**Information provided:**

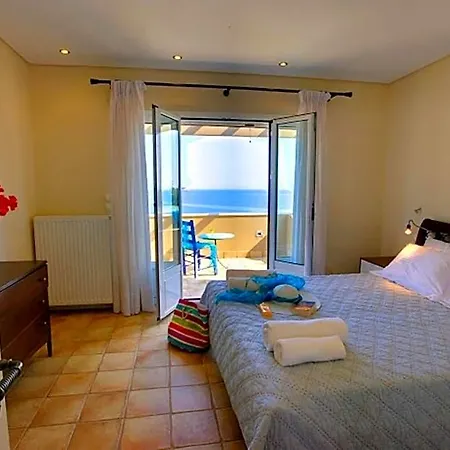 Monambeles Hotel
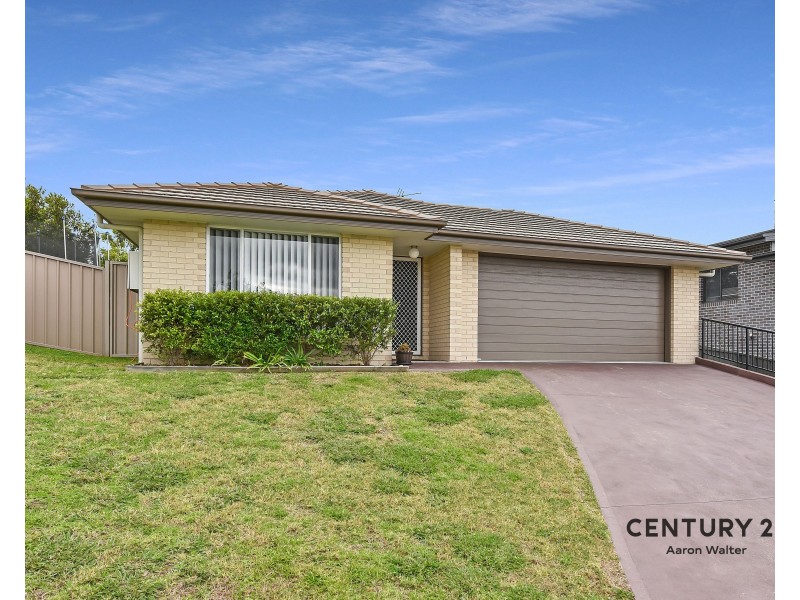 28 Raleigh Street, Cameron Park NSW 2285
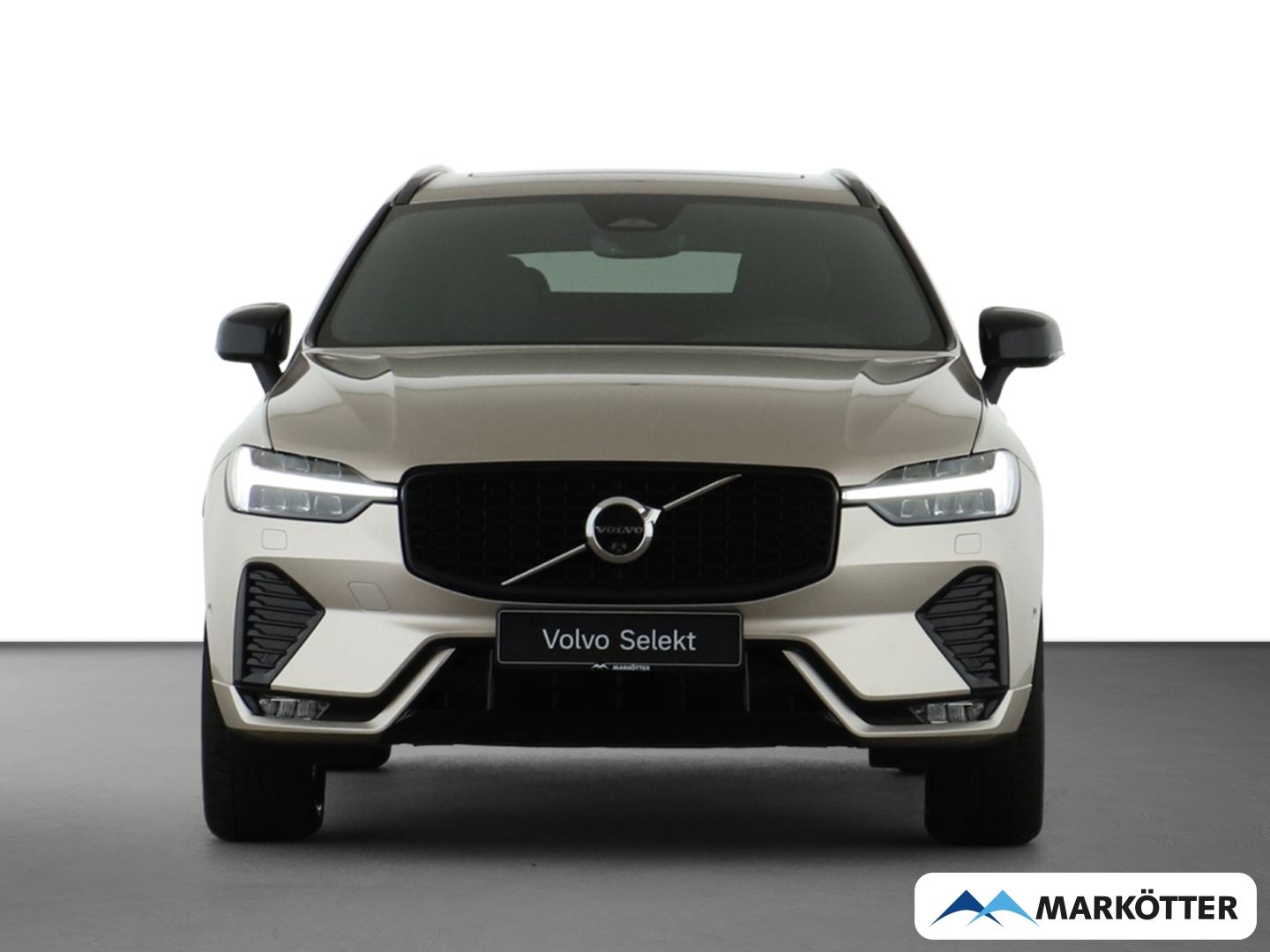 Volvo XC60 B5 AWD Plus Dark AHK/PANO/HARMAN/LHZ/BLIS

**What to produce:** Leave the images out. Set down all of the material above exactly.

**Written solution:**
 Monambeles Hotel
 28 Raleigh Street, Cameron Park NSW 2285
 Volvo XC60 B5 AWD Plus Dark AHK/PANO/HARMAN/LHZ/BLIS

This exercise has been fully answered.